Partisan banter must give way to real help. This year, especially, as the state Legislature and regulatory bodies cope with readying Arizona for the continuing implementation of the Patient Protection Affordable Care Act, there is no time for posturing or mere personal self- interest. Too much is at stake. Here’s why.
For perspective, “Escape Fire,” the sparsely released film (soon, more fully so and available now online) shown at the Sundance Film Festival, scopes the magnitude of the health care problem in the United States and promises to set forth some possible solutions. The tenor can be gleaned from the trailer and much information can be gathered from its website www.escapefiremovie.com.
A couple of salient and jarring points the film makes: First, American health care costs could be $4.2 trillion annually in six to 10 years, equaling 20 percent of GDP. Second, Americans spend $300 billion a year on pharmaceutical drugs, nearly equal to the expenditure in the entire rest of the world.
One of the players in the film makes a sanguine comment that if she could shape the future of health care, there would be more emphasis on the “care” part. Another player in the film, our own Dr. Andrew Weil, head of the University of Arizona’s Center for Integrative Medicine (CIM), asserts that “the root of the problem” is that “we have a disease-care system, not a health care system.”
The title of the film, “Escape Fire,” gives us a clue as to the ingenuity that will be required to extricate America from its self- created, monopolistic dependency on the current system. In brief, the title refers to smoke jumpers in a forest fire who were left with no escape until one member of the team started a fire in the remaining timber around them, subsequently burning his way out to a ridge. He survived. The others felt the risk was too high and didn’t follow.

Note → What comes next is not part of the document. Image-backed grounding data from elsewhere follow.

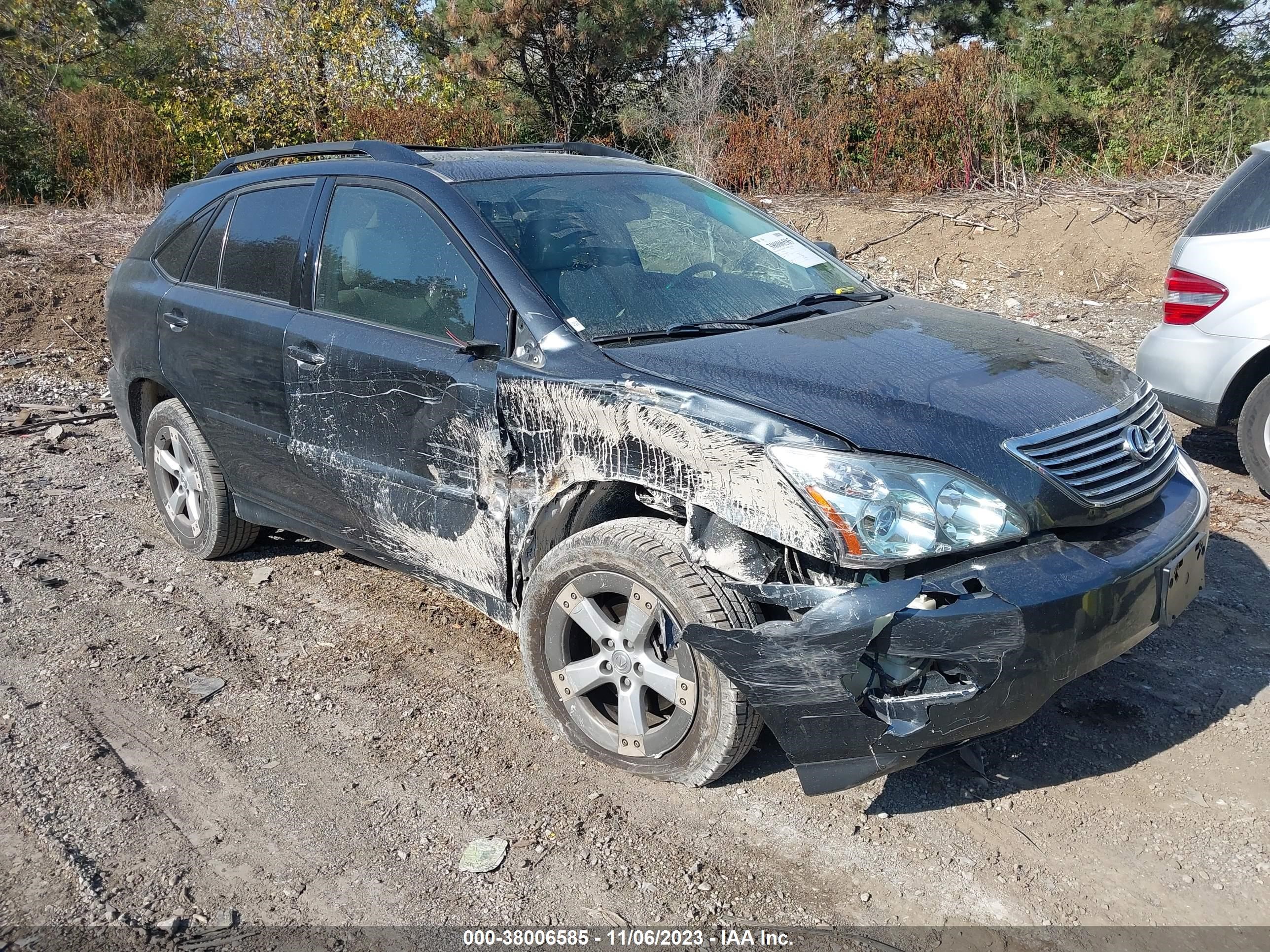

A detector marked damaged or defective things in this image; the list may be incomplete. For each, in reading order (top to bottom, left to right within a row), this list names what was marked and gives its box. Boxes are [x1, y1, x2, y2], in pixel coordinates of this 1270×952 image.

damaged black lexus suv [106, 141, 1209, 797]
crumpled front bumper [686, 462, 1209, 797]
torn bumper cover [686, 470, 1209, 797]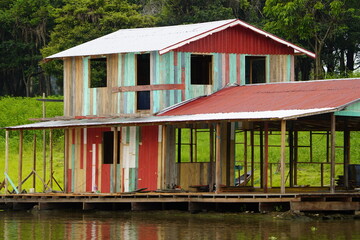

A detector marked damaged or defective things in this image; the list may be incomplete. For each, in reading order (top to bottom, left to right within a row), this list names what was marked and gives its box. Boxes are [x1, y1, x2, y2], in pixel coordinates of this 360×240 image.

rusty roof panel [159, 79, 360, 116]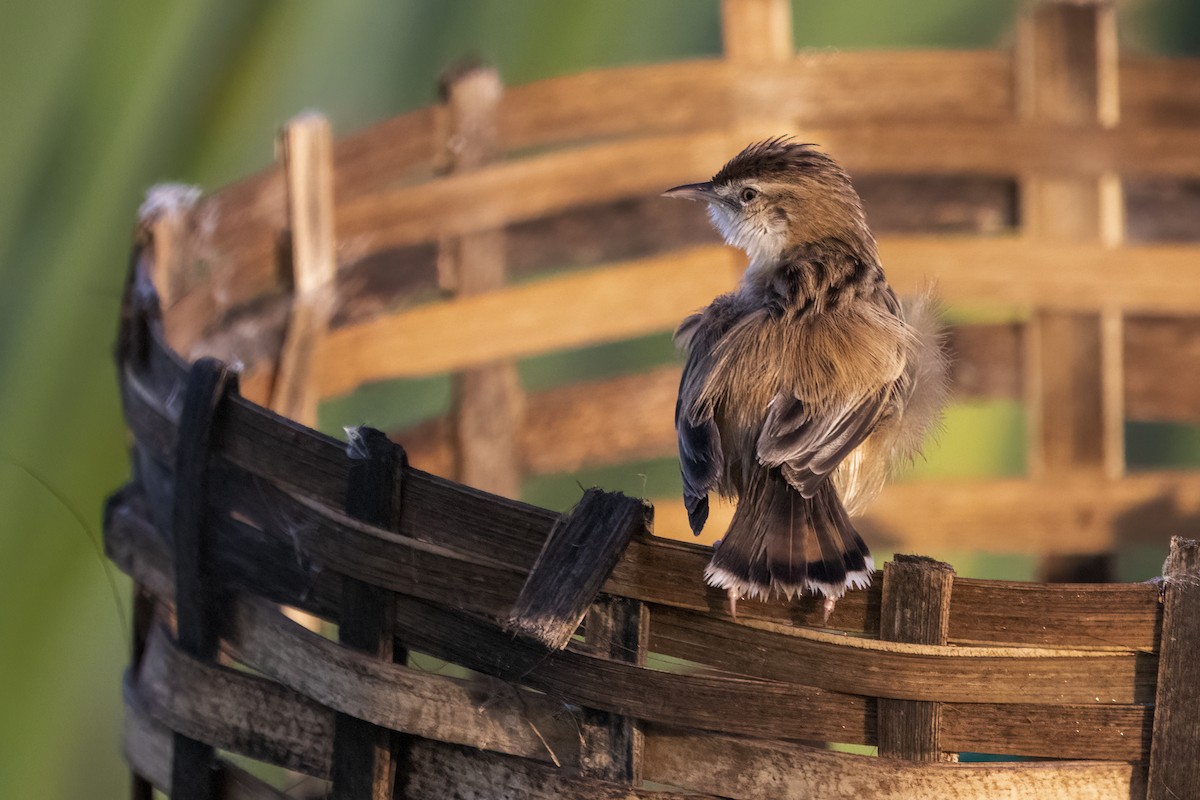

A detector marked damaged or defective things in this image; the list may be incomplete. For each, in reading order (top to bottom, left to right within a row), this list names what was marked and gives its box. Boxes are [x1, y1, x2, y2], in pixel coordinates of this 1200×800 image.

charred dark wood strip [169, 357, 236, 800]
charred dark wood strip [333, 431, 403, 800]
charred dark wood strip [508, 489, 652, 652]
charred dark wood strip [1142, 537, 1200, 800]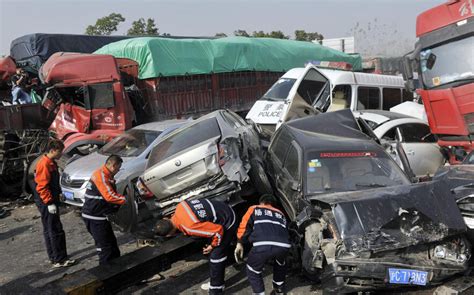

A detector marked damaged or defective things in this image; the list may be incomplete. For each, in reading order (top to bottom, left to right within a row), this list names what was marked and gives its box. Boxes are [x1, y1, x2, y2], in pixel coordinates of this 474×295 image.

shattered windshield [420, 36, 472, 89]
shattered windshield [262, 78, 294, 101]
shattered windshield [99, 129, 160, 157]
shattered windshield [306, 151, 410, 195]
crushed dark sedan [264, 110, 468, 294]
wrecked silver car [266, 110, 470, 294]
crumpled car hood [308, 183, 466, 254]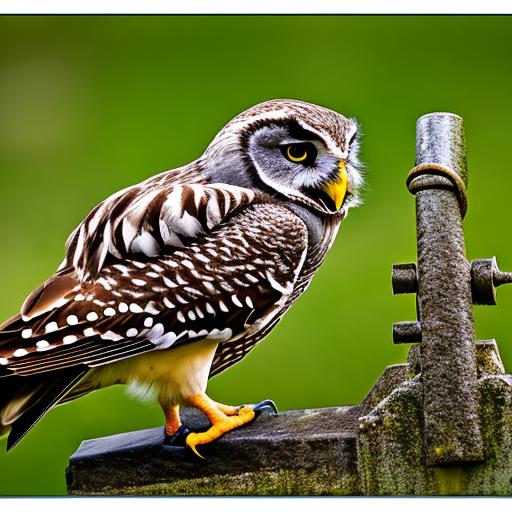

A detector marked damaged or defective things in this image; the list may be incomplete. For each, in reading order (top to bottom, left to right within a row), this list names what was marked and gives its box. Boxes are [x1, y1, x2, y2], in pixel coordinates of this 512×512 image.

rusty metal post [406, 114, 482, 466]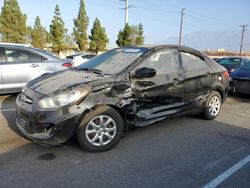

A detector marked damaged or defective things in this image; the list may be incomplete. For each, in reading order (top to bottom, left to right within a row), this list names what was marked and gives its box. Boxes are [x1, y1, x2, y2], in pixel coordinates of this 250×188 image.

crumpled front hood [27, 69, 112, 94]
black damaged sedan [15, 46, 229, 153]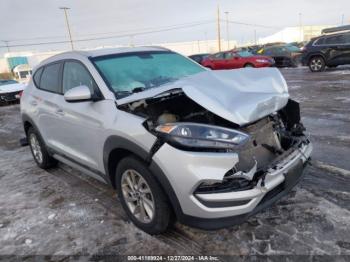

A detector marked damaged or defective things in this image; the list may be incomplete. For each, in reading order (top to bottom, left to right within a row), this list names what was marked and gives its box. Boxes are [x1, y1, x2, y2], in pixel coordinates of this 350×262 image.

dented hood [117, 67, 290, 125]
crumpled hood [117, 67, 290, 125]
damaged silver suv [21, 46, 312, 233]
broken headlight [155, 122, 249, 149]
exposed headlight assembly [156, 122, 249, 150]
crumpled front bumper [153, 138, 312, 228]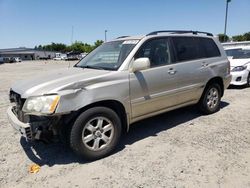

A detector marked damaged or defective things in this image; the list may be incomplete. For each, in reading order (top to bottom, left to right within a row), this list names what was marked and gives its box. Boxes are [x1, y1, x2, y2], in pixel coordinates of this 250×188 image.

damaged front bumper [6, 106, 32, 139]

Addressing health care will require less familiar, broader solutions than what the majority has done for past decades. It will take courage to forfeit the popular, yet limiting, assumptions about our sources of health. We need to change habits of thought that tend to lead unwittingly to the same solutions that have led to the problem.
Fortunately, there are more means of health and care than we find in the mainstream.
Weil’s CIM teaches existing physicians about finding health care solutions through a focus on caring for the person as a whole, rather than just focusing on the malady. Solutions are not limited to surgery and chemistry, but found through the fuller spectrum of health sources, including natural and spiritual methods.
For me, spiritual means have been my main source of health. The primary benefit is that it requires that I take direct responsibility for my health and that I progress in my understanding of how I, and mankind, relate to the divine. It is a view of life — not a pill — that has provided prevention and cure. It is a sense of being loved and cared for as a matter of principle, consistently and completely.
This approach has met my needs, not only with respect to disease but, also, with respect to work, relationships and life direction. It settles fear. There is little or no cost. It is my own escape fire.
I trust that whatever efforts come forth from the Legislature and the agencies will not limit, but rather open up the possibilities for health and care. I trust that these efforts will not confine us to the old, worn, expensive paths to health. Such expansiveness would exemplify care for citizens and prompt creative, more effective solutions.
— Rich Evans, Christian Science Committee on Publication for Arizona.